1890 yılında hizmete giren mahut Mohawk Yatılı Kilise Okulu da 1970’li yıllara kadar yerli çocukların kendi dinlerini, dillerini ve kültürlerini unutmaları için faaliyet göstermiştir. Bir başka ifadeyle bu okullara alınan çocuklar, kendi aralarında dahî kendi dillerini konuşamıyor ve aileleriyle de irtibat kurmalarının önüne geçiliyordu. Kanada’da Mohawk Yatılı Kilise Okulu gibi bu özellikleri taşıyan 139 misyonerlik okulunda yaklaşık olarak 150 bin yerli çocuk “eğitim” görmüştür. Katı kurallara uymayanlara, kendi dilini konuşanlara veya okuldan kaçmak isteyenlere işkence yapıldığı ve(ya) tecavüz edildiği rivayet edilmektedir. Bu okulların etrafında işkenceden, cinsel istismardan veya açıklıktan dolayı ölmüş/öldürülmüş veya kötü muamelelere dayanamayıp da intihar etmiş 6 bin civarında çocuğun kayıtsız olarak gömüldüğü tahmin edilmektedir. Araştırmalar henüz daha yeni başlamıştır. 2015 yılında yayınlanan bir raporda bu okullarda birçok çocuğun kızamık, tüberküloz ve gripten öldüğü de tespit edilmiştir.
Bu kadar çok sayıda çocuk öldüğü halde, misyoner okullarının hiçbirisi bunları resmen açıklamadığı gibi kayıtlara da geçirmemiştir. Bu gerçeklerin karşısında Kanada Yerli Halkla İlişkiler Bakanı Carolyn Bennett, Twitter üzerinden “Bu trajik haberden etkilenen aileler ve yerli topluluklar için kalbim ıstırap duyuyor” denek suretiyle belki de insanlık yüzünü göstermiş olabilir. Ama hakikat şu ki, Kanada, sömürgeci bir devlet olarak ortaya çıkmış ve yerli halkın çocuklarının zorla Hristiyanlaştırılmalarına karşı göz yummuştur. Kendilerine ait olmayan toprakları güç ve şiddet kullanarak, işgal ettikten sonra buralara yerleşmiş ve iktisadî menfaat elde etmeye dayanan ırkçı ideolojisini kullanarak, bu misyonerlik okullarını finanse etmiştir. İşte Papanın da itiraf ettiği gibi Kanada, ideolojik kolonializmi uygulayarak, yerli halkın hem insan gücünü, hem tabiî kaynaklarını, hem de siyasî yönden sömürmüştür.

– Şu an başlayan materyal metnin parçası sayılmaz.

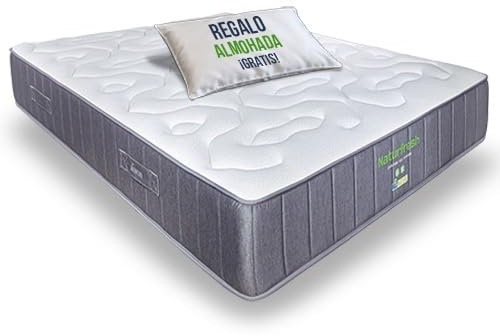 Matnature Naturfresh 90x180– Colchón Viscoelástico con Muelles Ensacados | Altura 22 cm | Máximo Confort | Transpirable, Antiácaros, Ergonómico, Firmeza Media-Alta | 1 Almohada de Regalo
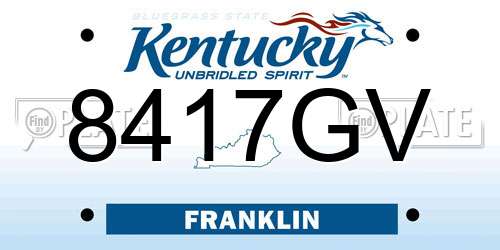 8417GV Kentucky License Plate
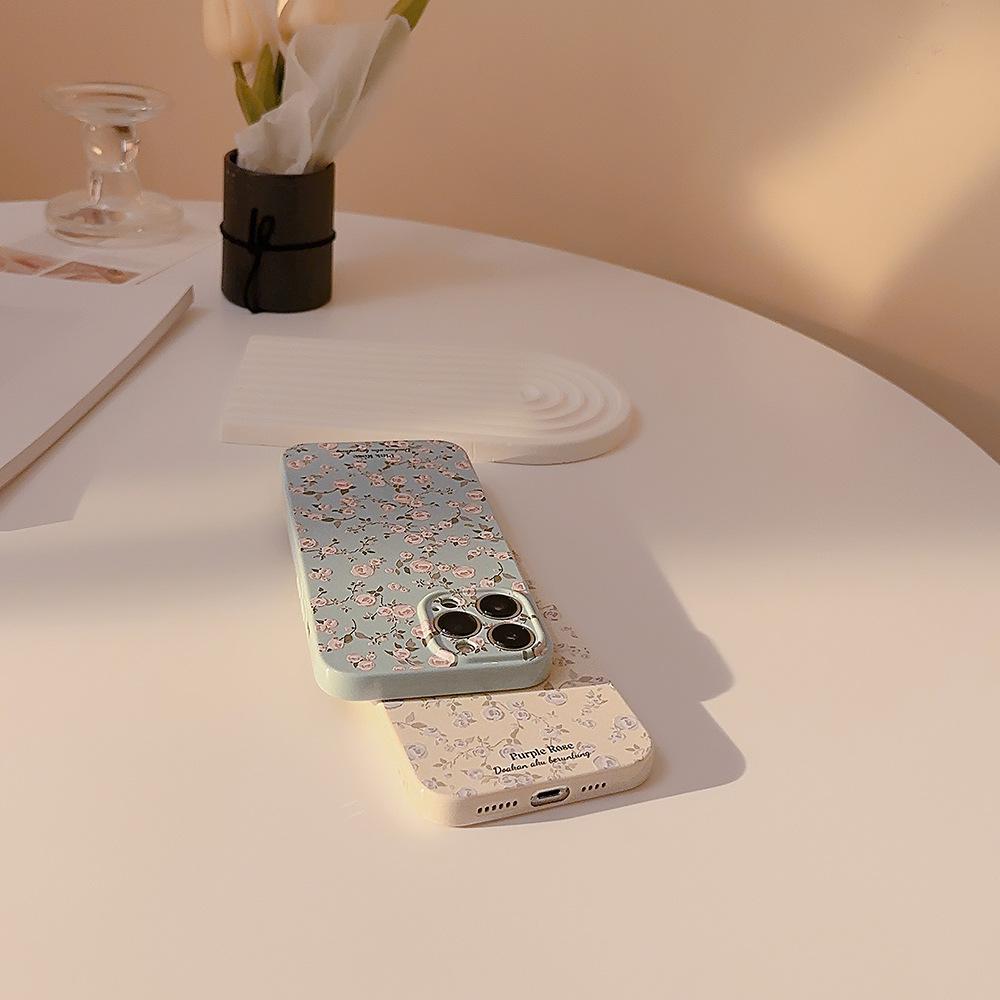 Vintage Floral Rose Phone Case for iPhone 17 16 15 14 13 Pro Max, Cute Flower Glossy Shockproof Cover, Aesthetic Girly Protective Case for Women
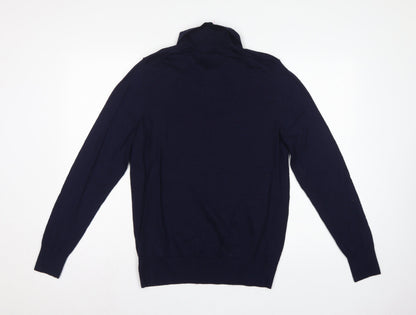 John Lewis Men’s Navy Blue L Merino Wool Collared Henley Jumper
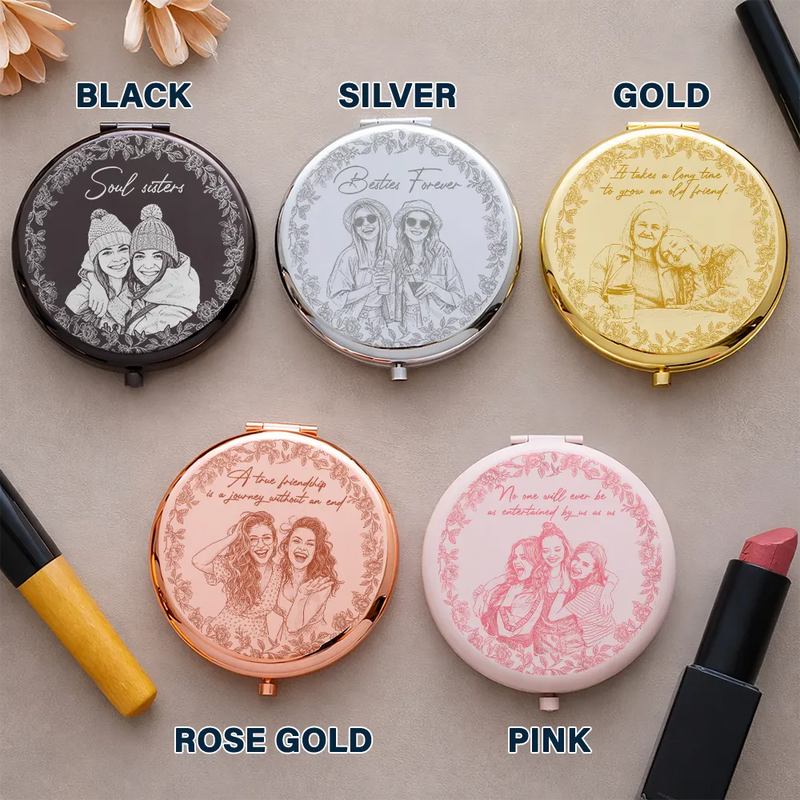 Gift For Bestie,Old Best friends,Gift For Sisters,Custom Photo,Happy - Custom Photo Pencil Sketch A True Friendship Is A Journey Without An End - Personalized Compact Mirror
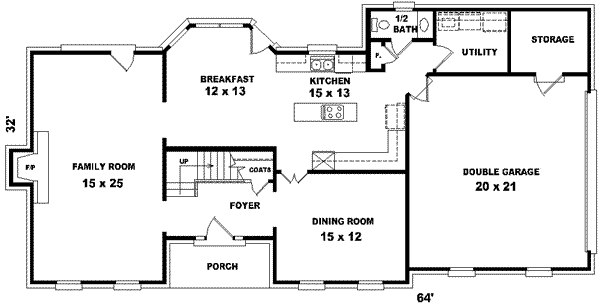 Colonial Floor Plan - Main Floor Plan #81-703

Siyaset ve Hristiyanlık işbirliği ile ortaya çıkmış olan sömürgecilik, Batı Avrupa ülkelerinin, denizaşırı topraklar edinme hırsının bir ifadesidir. 15. ve 16. asırda Portekiz, İspanya ve İngiltere tarafından başlatılan büyük keşifler ile birlikte sömürgecilik yeni bir boyut kazanmıştır. Merkantilizmin doğmasına ve kapitalizmin gelişmesine imkân tanıyan sömürgeleştirme politikaları, sanayileşme için gerekli olan ucuz hammadde temini bakımından da önemli bir rol oynamıştır. II. Cihan Harbine kadar klâsik sömürgecilik anlayışı devam etmiştir.
Bugün Kanadalı “Beyaz Adam”, yerli toplumların üzerinde siyasî hâkimiyetini kurabilmiş, “ilkel” olarak gördükleri yerli toplumları insanlık dışı dinî misyonerlik faaliyetleri ile Hıristiyanlaştırarak asimile etmiştir. Ama bakıyorsun azınlıkta olan yerli halk, buna rağmen yine de ekonomik, kültürel, bilimsel veya siyasî yönden zayıf bir konumdadır. Kanada’da bugün 60’a yakın Kızılderili olarak isimlendirilen yerli topluluklar kendileri için tahsis edilmiş belirli bölgelerde yaşamaktadır, ancak bunların toplam nüfusunun yüzde 5’i kadardır. Yerli kaynaklardan yeterince yararlanmamış olan Kanadalı yerli halkın, geçmişte kendilerine yapılan zulmün karşısında onurlu bir tavır alıp kendi öz kimliklerine dönme şuurunu gösterme zamanı gelmiştir.